Speech recognition demo FAQ

1. What is speech recognition?

The aim of speech recognition is to convert speech to text using a computer program. See wikipedia for more details and references.

2. How well does it work?

It is hard to answer this question without any other information. Acoustic conditions, pronunciation and the style of language used all affect the quality of the recognition. Using standard language and pronunciating clearly will give the best results. Currently we are getting Letter-Error-Rates of around four percent in a multispeaker setting with clean speech and standard language. The setup for this demo is a 'baseline'-system with no acoustic model adaptations or language model adaptations using single-pass decoding. See the next guestions for more details and now you can of course try it out for yourself :)

3. What kind of acoustic model is used?

The acoustic model is trained using a speech database which has around twenty hours of speech with relatively clean acoustics and several hundreds of both male and female speakers. The model should thus be good 'all-around' model, suiting most speakers. Because the training is done with clean acoustics and we are not using any other noise reduction at the moment, the performance will be weaker for noisy speech.
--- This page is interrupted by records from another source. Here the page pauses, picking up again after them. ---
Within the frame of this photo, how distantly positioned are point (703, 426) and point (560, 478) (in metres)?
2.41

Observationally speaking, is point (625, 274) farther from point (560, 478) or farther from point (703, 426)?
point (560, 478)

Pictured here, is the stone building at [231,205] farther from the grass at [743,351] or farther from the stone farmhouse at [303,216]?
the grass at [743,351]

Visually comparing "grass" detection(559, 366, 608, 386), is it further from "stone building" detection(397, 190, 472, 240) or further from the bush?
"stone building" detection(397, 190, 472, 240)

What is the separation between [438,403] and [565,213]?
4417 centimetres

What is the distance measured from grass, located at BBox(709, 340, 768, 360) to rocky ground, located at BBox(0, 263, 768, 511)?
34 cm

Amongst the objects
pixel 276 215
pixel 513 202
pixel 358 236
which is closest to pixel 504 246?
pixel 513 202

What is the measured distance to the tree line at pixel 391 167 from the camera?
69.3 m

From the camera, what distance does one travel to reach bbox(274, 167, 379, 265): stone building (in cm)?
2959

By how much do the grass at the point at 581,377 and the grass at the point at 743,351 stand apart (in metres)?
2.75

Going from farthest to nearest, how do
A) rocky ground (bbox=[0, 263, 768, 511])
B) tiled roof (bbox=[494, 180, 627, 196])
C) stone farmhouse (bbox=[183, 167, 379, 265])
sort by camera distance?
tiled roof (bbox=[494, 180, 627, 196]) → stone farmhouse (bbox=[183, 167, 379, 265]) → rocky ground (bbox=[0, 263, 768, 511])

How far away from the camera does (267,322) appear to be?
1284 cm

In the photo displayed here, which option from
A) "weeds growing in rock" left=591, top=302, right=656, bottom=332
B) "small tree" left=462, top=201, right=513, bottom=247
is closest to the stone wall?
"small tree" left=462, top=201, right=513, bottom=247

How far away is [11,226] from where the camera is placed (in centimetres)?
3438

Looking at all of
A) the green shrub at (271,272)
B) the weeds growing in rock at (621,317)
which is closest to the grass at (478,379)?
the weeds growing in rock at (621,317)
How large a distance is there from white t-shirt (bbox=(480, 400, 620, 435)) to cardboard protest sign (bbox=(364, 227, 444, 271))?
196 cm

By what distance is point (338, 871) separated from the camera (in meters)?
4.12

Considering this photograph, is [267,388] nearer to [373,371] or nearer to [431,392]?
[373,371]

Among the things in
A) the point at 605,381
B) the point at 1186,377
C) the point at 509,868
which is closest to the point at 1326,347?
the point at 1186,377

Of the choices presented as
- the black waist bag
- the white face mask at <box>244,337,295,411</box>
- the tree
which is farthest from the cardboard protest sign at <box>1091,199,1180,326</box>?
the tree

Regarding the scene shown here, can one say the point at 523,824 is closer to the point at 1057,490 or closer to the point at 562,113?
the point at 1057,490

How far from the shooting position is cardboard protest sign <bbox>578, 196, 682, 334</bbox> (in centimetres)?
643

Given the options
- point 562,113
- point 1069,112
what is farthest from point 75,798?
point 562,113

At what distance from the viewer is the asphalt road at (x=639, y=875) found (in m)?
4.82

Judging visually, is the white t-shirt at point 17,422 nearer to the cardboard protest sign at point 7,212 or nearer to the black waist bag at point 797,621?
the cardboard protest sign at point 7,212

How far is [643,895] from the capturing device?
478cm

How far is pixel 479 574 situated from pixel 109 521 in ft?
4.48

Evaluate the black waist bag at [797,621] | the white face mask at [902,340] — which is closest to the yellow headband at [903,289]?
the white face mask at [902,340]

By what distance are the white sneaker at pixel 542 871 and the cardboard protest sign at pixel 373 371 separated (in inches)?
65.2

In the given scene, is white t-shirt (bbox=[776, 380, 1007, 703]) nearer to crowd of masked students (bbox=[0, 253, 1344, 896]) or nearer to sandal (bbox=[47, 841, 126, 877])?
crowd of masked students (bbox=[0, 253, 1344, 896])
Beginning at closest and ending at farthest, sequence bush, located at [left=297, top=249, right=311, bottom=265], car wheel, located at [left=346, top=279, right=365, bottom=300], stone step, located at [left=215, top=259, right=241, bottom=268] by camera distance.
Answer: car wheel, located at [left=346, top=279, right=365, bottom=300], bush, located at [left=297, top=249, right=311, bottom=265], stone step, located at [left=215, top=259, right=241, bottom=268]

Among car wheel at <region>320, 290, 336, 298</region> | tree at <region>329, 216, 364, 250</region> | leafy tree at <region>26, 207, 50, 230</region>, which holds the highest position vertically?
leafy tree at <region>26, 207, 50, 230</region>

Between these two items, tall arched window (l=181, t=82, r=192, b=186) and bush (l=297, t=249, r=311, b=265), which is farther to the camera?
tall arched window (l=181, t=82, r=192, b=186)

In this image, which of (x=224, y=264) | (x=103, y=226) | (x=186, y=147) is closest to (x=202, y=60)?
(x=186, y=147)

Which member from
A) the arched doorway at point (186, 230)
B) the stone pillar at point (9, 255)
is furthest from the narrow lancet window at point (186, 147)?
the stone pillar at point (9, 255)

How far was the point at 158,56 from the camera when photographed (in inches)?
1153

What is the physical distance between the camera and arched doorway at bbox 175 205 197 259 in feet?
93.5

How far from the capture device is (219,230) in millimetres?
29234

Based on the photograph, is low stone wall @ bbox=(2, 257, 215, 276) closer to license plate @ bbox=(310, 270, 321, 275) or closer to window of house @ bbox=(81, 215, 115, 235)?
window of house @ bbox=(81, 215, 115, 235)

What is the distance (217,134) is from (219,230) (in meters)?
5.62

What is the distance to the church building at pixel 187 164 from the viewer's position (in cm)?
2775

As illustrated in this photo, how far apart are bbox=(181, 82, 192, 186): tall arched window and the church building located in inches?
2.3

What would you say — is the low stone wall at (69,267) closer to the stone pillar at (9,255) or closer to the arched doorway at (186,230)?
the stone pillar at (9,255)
For the technically oriented, the model is a context-dependent cross-word triphone decision-tree state-clustered Hidden Markov Model with diagonal covariance Gaussian mixture models as density functions coupled with a maximum likelihood linear transformation trained using maximum likelihood principle. The training is done using software developed in the speech recognition group.

4. What kind of language model is used?

The language model is trained using around 100 million sentences from a text database collected mainly from newspapers. The newspaper text is quite formal and because of this the resulting language model is best suited for standard language sentences. Because Finnish is a highly inflective language and has many different word forms, the words are split to statistical morphemes using the Morfessor -toolkit developed in the laboratory to get a good cover for Finnish.

Technically the language model is a morph-based N-gram model trained to varying lengths using the VariKN -toolkit developed in the laboratory.